Miller, fifty-seven, is the author of six books—five about football—and serves as chairman for Western New York’s PFRA chapter. Although he is not an officer in the national organization, he helps oversee that group’s elections. “It’s an important organization and I have a loud voice,” he states. “We’re the repository of history. We keep stories alive. The game of football mirrors America’s story in a lot of ways. We also work to correct history. If there are statistics that weren’t correct or weren’t accumulated in the appropriate manner, our job is to fix that.”
For example, the NFL did not begin to record quarterback sacks as an official statistic until 1982. “There are two or three guys [in the PFRA] that have made it their mission to go back prior to 1982 and accumulate stats for every quarterback who’s ever been sacked,” Miller says. “They reference game film, game books, newspaper accounts. We understand the importance of historical accuracy. They want to recreate this.”
The group shares Tranter’s passion for keeping football history alive.
Fighting a digital evolution
When he was a kid, Tranter’s family attended one football game each year. For the past thirty-five years, Tranter has missed only three home Bills’ games. Once, his mother had cancer surgery; another time he remained home when his wife, Tracy, suffered from pneumonia. The third, in 2008, happened when his boss called a mandatory meeting in Massachusetts on the Monday of a Bills-Browns Monday Night game. He intended to skip the meeting, but Tracy urged him to reconsider. He also attends the Bills' annual contests against the Patriots and Jets, and often travels to other away games.
Collecting tickets and programs are easy in person. At games he does not attend, Tranter writes the host team, mails them a check, and asks to be sent a game program. Most clubs follow through. “I also have collector contacts in most cities,” he explains. “They go to a game and get me a program.”

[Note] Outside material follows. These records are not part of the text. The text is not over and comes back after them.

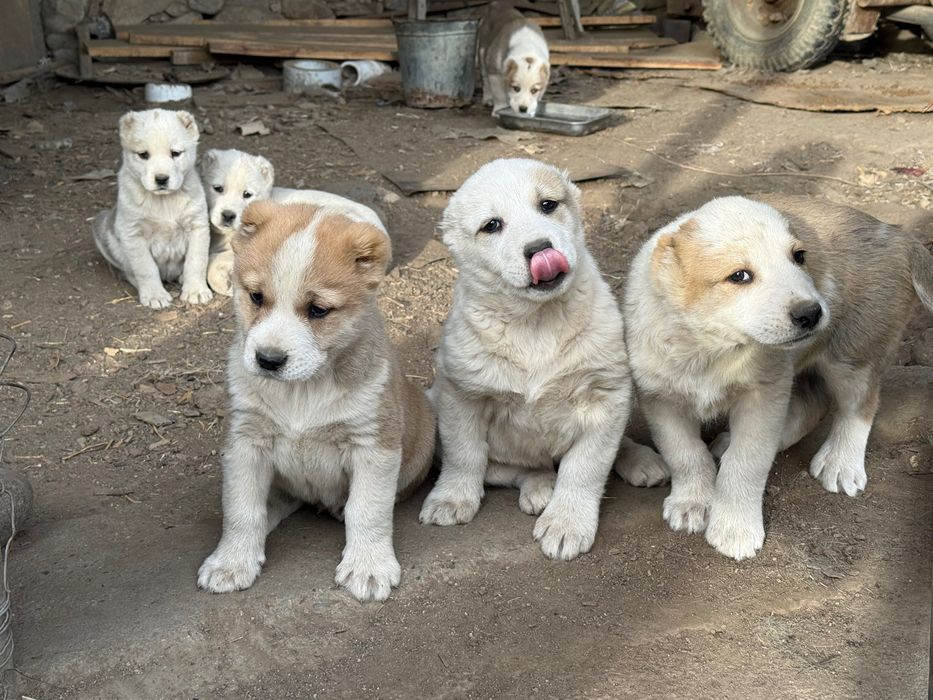Алабай (Средно Азиатска овчарка)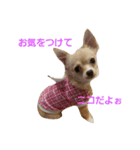 チワワニコスタンプ（個別スタンプ：1）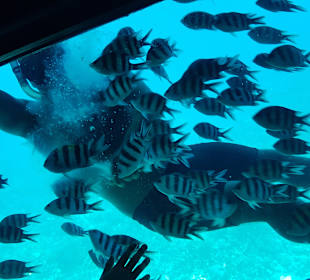 U-Boot Tour Hurghada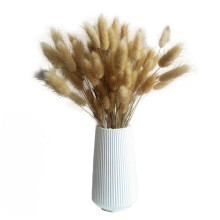 60 Hasen SchwäNze Gras NatüRliches Getrocknetes Pampas Gras Dekor KüNstlicher Blumenstrauß Boho Hause Dekor Getrocknete Gras Blume B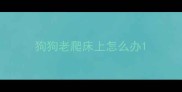 狗狗老爬床上怎么办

The NFL, however, is becoming digital. Four teams have already stopped producing printed programs, and many stadiums are moving toward e-tickets. For now, Tranter has found ways to collect tickets, but he knows that may soon be a thing of the past. He isn’t happy about that evolution. “I’ve written letters to (NFL Commissioner) Roger Goodell telling him this is destroying the history of the game.” Tranter reports. “He hasn’t responded. I understand that millennials want to use their phones. But I’m the customer and believe I should have a choice on how I consume the product.”
His wife accepts Tranter’s passion, but it did strain their relationship early on. Although he had described the collection when they began dating, he wanted Tracy to see it. But first, they watched the 2005 movie Fever Pitch, in which a man-child played by Jimmy Fallon is obsessed with the Boston Red Sox.

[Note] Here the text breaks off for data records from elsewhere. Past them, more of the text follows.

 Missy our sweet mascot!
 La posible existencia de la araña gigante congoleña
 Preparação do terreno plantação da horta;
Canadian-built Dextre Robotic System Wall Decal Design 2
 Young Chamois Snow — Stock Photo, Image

“I was going to show her the movie, then the collection, then take her out to dinner,” Tranter recalls. “When the movie ended, I said, that’s me, only with the Buffalo Bills. When I took her into the basement, she was exasperated. She says, ‘I’m sorry, Greg, but I have to go home.’”
They did not make it to dinner that night. In fact, Tranter did not hear from his future wife for another ten days. He thought the relationship might be over. “I later learned she talked to a psychologist,” he says. “She asked the difference between a passion and an obsession. Can somebody be psychotic about collecting memorabilia?” Tranter paused and laughed. “But hey, it all worked out… she married me.”